Confirming Einstein’s Theory of General Relativity With Calculus, Part 6h: Rationale for Method of Undetermined Coefficients V

In this series, I’m discussing how ideas from calculus and precalculus (with a touch of differential equations) can predict the precession in Mercury’s orbit and thus confirm Einstein’s theory of general relativity.
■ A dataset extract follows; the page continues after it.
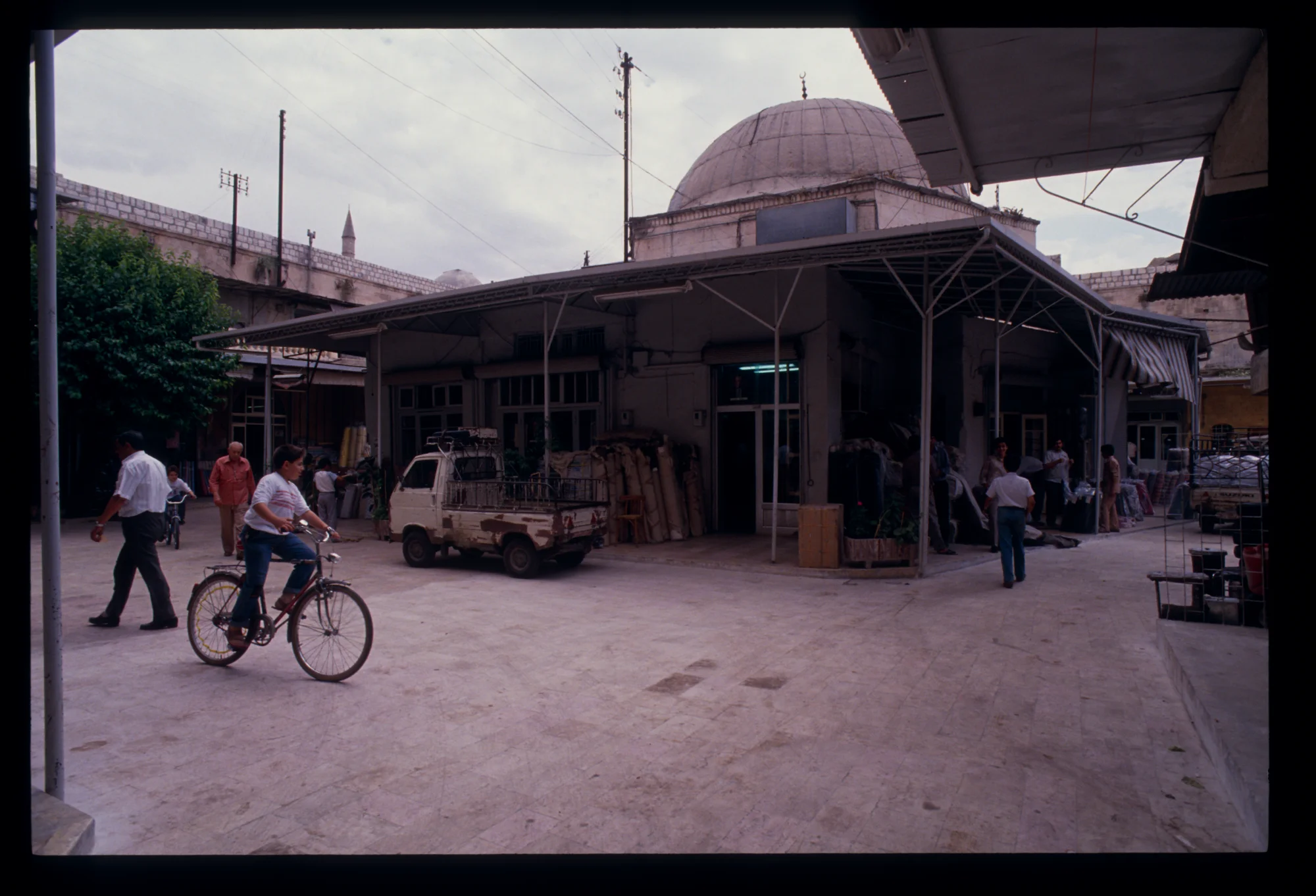 خان الجمرك، مشهد عام للخان يظهر المسجد الذي يتوسط ساحة الخان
The origins of this series came from a class project that I assigned to my Differential Equations students maybe 20 years ago.

We have shown that the motion of a planet around the Sun, expressed in polar coordinates $(r,\theta)$ with the Sun at the origin, under general relativity follows the initial-value problem

$u''(\theta) + u(\theta) = \displaystyle \frac{1}{\alpha} + \frac{\delta}{\alpha^2} + \frac{\delta \epsilon^2}{2\alpha^2} + \frac{2\delta \epsilon \cos \theta}{\alpha^2} + \frac{\delta \epsilon^2 \cos 2\theta}{2\alpha^2}$ ,

$u(0) = \displaystyle \frac{1}{P}$ ,

$u'(0) = 0$ ,

where $u = \displaystyle \frac{1}{r}$ , $\displaystyle \frac{1}{\alpha} = \frac{GMm^2}{\ell^2}$ , $\delta = \displaystyle \frac{3GM}{c^2}$ , $G$ is the gravitational constant of the universe, $m$ is the mass of the planet, $M$ is the mass of the Sun, $\ell$ is the constant angular momentum of the planet, $c$ is the speed of light, and $P$ is the smallest distance of the planet from the Sun during its orbit (i.e., at perihelion).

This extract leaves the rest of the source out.